Bill Deller 3.08.1949 – 17.10.2014

Tribute from Lynn Beaton

In my first memory of Bill he is sitting at my kitchen table telling me that he had loved reading my recently published book, Shifting Horizons, about women in the British Miner’s Strike. At the time few left wing men could be bothered to read a book about women, let alone claim it as one of their favourites.

I repeat this because it is so typical of the way Bill was. He loved a book about ordinary people, moved by political conditions around them to do extra-ordinary things. Over the years that followed we fought together in many struggles and discussed endlessly what we were doing, how we were doing it, how we should be doing it. We always tried to understand what we should be doing by understanding the world as it was unfolding around us and understanding the motion underlying events.

Bill became the Vice-President of the State Public Services Federation and extended a hand to farmers who were having their farms foreclosed on by banks. He talked, way before any one else of setting up a Red, Green and Black Alliance. He worked to establish a ‘Working People’s Charter for Justice’, we tried to build a broad left ‘Progressive Labour Party’. He helped build the massive peace movement of 2003 and to work on too many struggles to list. And in more recent years his work at 3CR is already legendary.

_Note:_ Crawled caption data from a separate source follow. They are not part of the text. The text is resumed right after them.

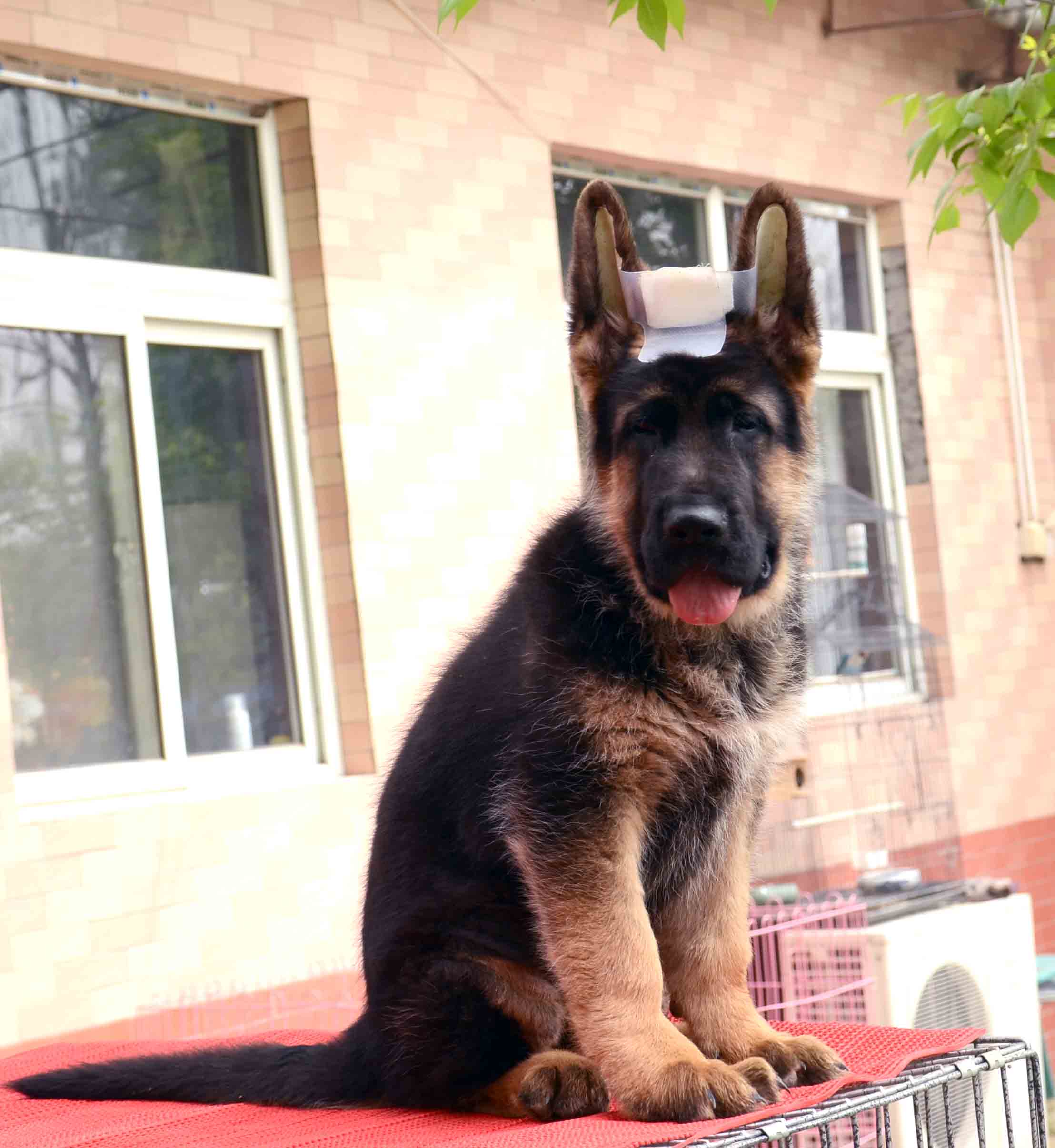 純種德國牧羊犬圖片/純種德國牧羊犬樣板圖 (1)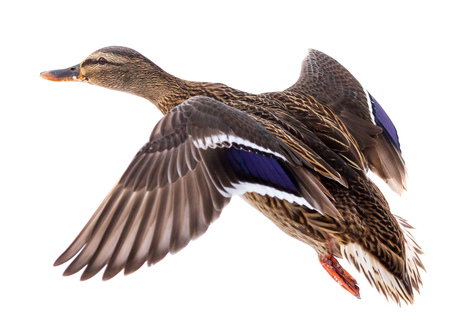 Duck in flight isolated on white background .の写真素材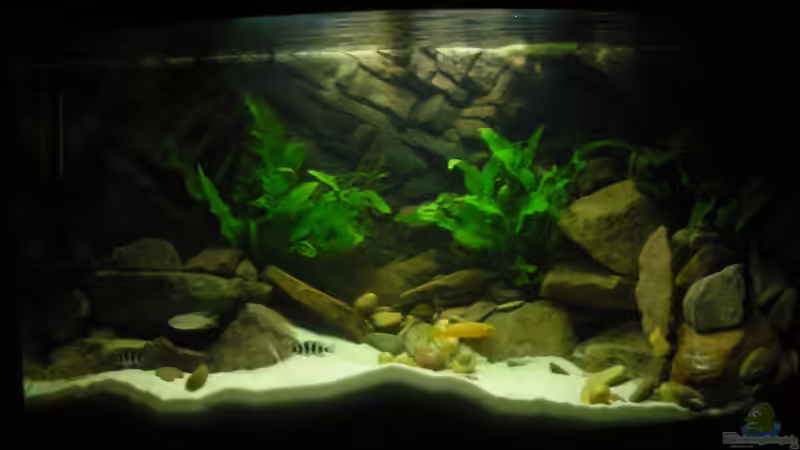 african tank african tank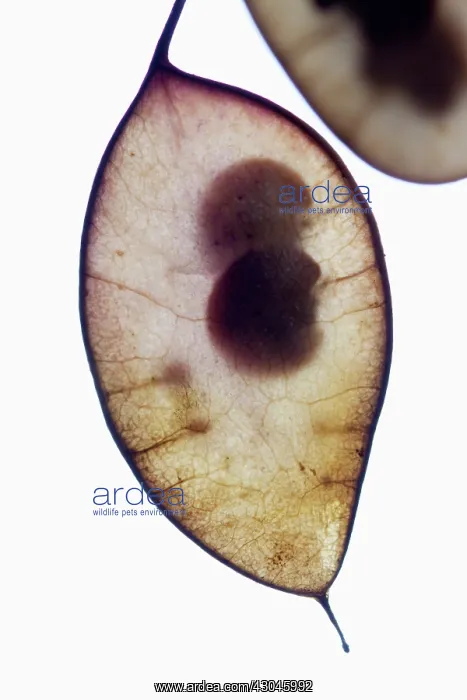 : Honesty, Lunaria annua : Honesty, Lunaria annua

There were victories along the way, but there were more defeats. This was an era when the forces of reaction were on the rise and too strong for us to overcome. I believe that if born in a different time, Bill Deller would have been great leader, a household name around the world. In the time he was born he was limited by the conditions that favoured followers of fashion over advocates for change; obedience to the dominant ideology over the quest for truth; living the myth over understanding reality. Nevertheless all of us who knew him saw great leadership in Bill; the inspiring orator, the man whose energy was in abundance, the one who ceaselessly looked for opportunities to advance and broaden the struggle, who made connections with a wide range of people but at the same time never lost his own political or moral compass.

The strength of his commitment, the breadth of his vision, the power of his mind with his courage and incorruptibility were a powerful mix. We, as a movement will miss him, but we are stronger for having known him. As an individual I will miss him enormously because when he applied his mighty skills to friendship he was a mighty friend to have.